Clinical presentation. A few hours after ingesting a large dose (>10 g) of acetaminophen, the patient usually has nausea and vomiting. If sedating drugs were also ingested, the patient may be obtunded. These symptoms usually disappear within 24 hours, and the patient appears fully recovered. Liver injury becomes apparent 48 to 72 hours after ingestion. The patient may complain of pain and tenderness in the right upper quadrant.
Serum glutamic-oxaloacetic transaminase (aspartate aminotransferase) and serum glutamic-pyruvic transaminase (alanine aminotransferase) levels are usually elevated into the thousands with lesser increases in serum alkaline phosphatase. In most cases, there is an early and severe coagulation abnormality with elevation of the prothrombin time. Values greater than twice normal forebode a grave prognosis. Usually bilirubin levels are mildly elevated.
The severity of the liver injury is variable. Progression to fulminant hepatic failure and death may occur 4 to 18 days after drug ingestion.
Damage to other organs
Other organs may be damaged by acetaminophen toxicity. Renal failure with acute tubular necrosis and myocardial damage evidenced by electrocardiographic changes may occur.
If the patient recovers from the acute episode, there is a return of the hepatic architecture to normal within 3 months.
Therapeutic approaches to acetaminophen overdose have included measures to reduce the absorption of the drug from the gastrointestinal tract by administration of activated charcoal or cholestyramine or to enhance its clearance from plasma by hemoperfusion or hemodialysis. None of these techniques has been found to be totally effective.
Because glutathione is critical to detoxification of the toxic metabolite, replenishing hepatic stores of glutathione by providing its precursor cysteine in the form of N-acetylcysteine (NAC) (Mucomyst) has been shown to be an effective antidote, if administered within 10 hours of ingestion of the overdose of acetaminophen.
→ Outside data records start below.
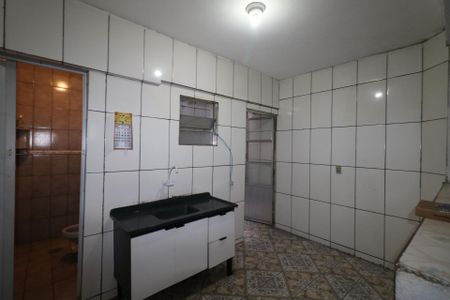 Cozinha de casa para alugar com 1 quarto, 45m² em Casa Grande, Diadema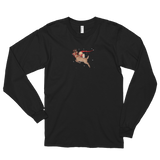 Reindeer Games Long-Sleeve Christmas T-Shirt (Unisex)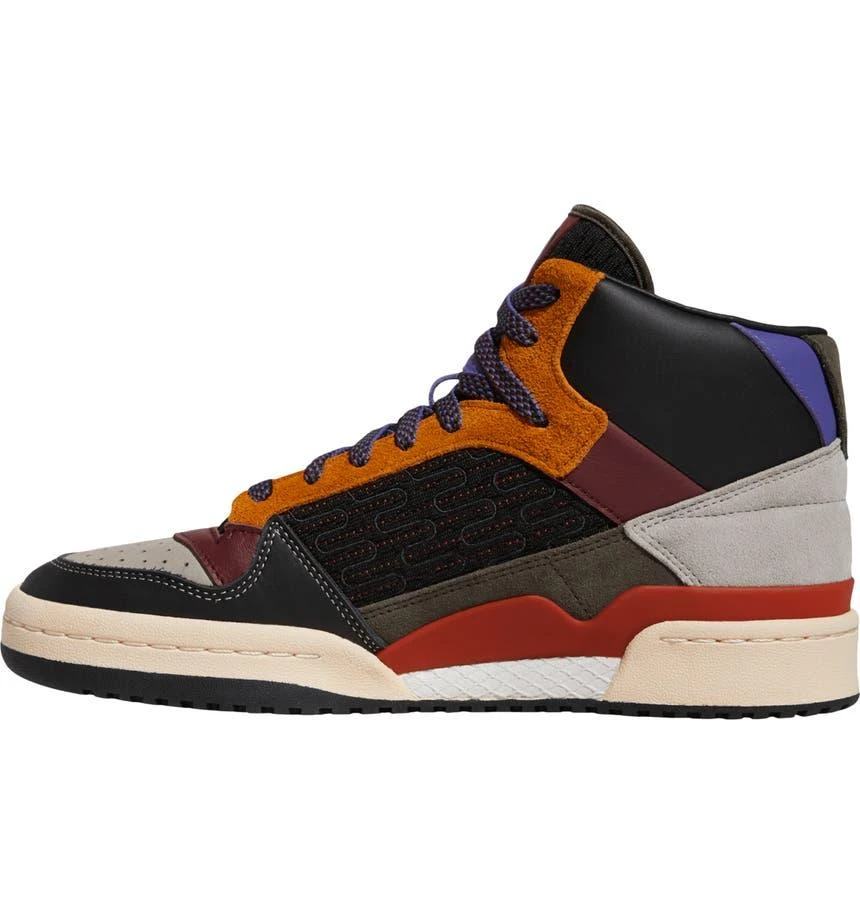 商品Adidas|Forum Mid Patchwork Sneaker,价格¥601,第3张图片详细描述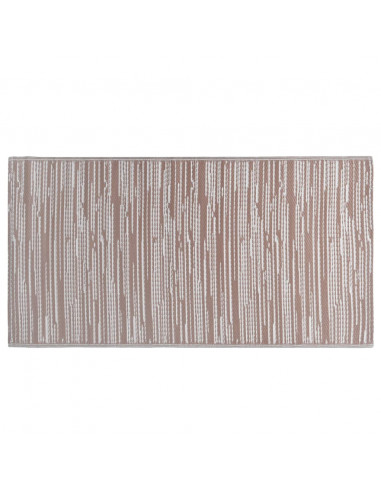 Tappeto da Esterni Marrone 120x180 cm in PP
Use of NAC within 24 hours of ingestion of acetaminophen overdose is recommended, but its usefulness beyond the first 10 hours is less dramatic. Oral NAC is well tolerated by most patients; it causes mild nausea and occasional vomiting. The intravenous route may be used if oral administration is not possible.
The protocol for treatment consists of identification of the patient and determination of the time and amount of acetaminophen ingested. If the ingestion has occurred within 24 hours of presentation, the patient should be intubated with a large-bore nasogastric tube, and gastric lavage should be performed. A loading dose of NAC, 140 mg/kg body weight, should be given orally and followed by 17 maintenance doses of 70 mg/kg each at 4-hour intervals for a total treatment period of 72 hours. While therapy is being administered, the blood level of acetaminophen should be determined and plotted on the nomogram shown in Figure 52-2.
If the blood level of the drug falls in the range likely to lead to hepatotoxicity, the full course of therapy should be completed. The therapy can be discontinued if the level is below the toxicity range. If an oral dose of NAC is vomited within 1 hour of administration, that dose should be repeated. An antiemetic can be given to patients who are intolerant of oral NAC. In patients who persistently vomit the medication, NAC may be administered through a nasogastric or jejunal tube. NAC may be diluted 3:1 with cola, fruit juice, or water to produce a more palatable solution.
Severely ill patients should be given full supportive care as for severe viral hepatitis. Patients should be intensively monitored for maintenance of normal vital signs and urine output and for cardiac, renal, and hematologic status. Any abnormalities of fluid, electrolytes, or acid-base balance should be corrected immediately.
The Rocky Mountain Poison Center in Denver, Colorado, may be contacted day or night (telephone: 800-525-6115) to advise on any aspects of therapy.